Refinances accounted for only 32% of loans originated via Ellie Mae's Encompass mortgage management software and the Ellie Mae Network in July, whereas they accounted for 33% of all loans in June and 47% of all loans in July 2013.
To get a meaningful view of lender pull-through, Ellie Mae reviewed a sampling of loan applications initiated 90 days prior (i.e., the April 2014 applications) to calculate an overall closing rate of 57.7% in July, down from 60.7% in June.
‘The purchase market continued to climb in July with the share of closed purchase loans reaching 67 percent, the highest percentage since we began tracking this data in August 2011,’ says Jonathan Corr, president and chief operating officer of Ellie Mae, in a statement. ‘Meanwhile, time to close for all loans dropped to 37 days, the lowest average we've seen since we began tracking. This reflects time to close decreasing across the board, with an average of 36 days for conventional loans and 38 days for Federal Housing Administration and Veteran's Affairs loans.’

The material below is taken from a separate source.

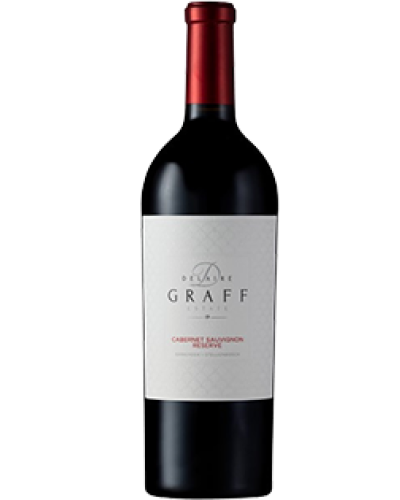 Delaire Graff Estate Cabernet Sauvignon Reserve 2021 wine bottle shot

Part of the reason loans are closing faster is simply that there is less volume for lenders to deal with. It should be noted that although purchases accounted for a greater share of overall volume, that does not necessarily mean purchase volume was up month over month.
Helping to drive the increase in purchase volume share is the fact that interest rates fell in July, with the average rate for a 30-year fixed-rate mortgage declining to 4.388%, down from 4.421% in June. With mortgage interest rates holding near historical lows, fewer homeowners seeking to refinance, and demand from home buyers increasing, the industry should continue to move further into a purchase market for the remainder of this year.
The report also indicates that some lenders loosened their lending standards in July: The average FICO score fell one point to 727, reversing four months of gradual increases.
In a further sign of easing, 32% of closed loans had an average FICO score under 700 last month compared to 25% in July 2013, Corr notes.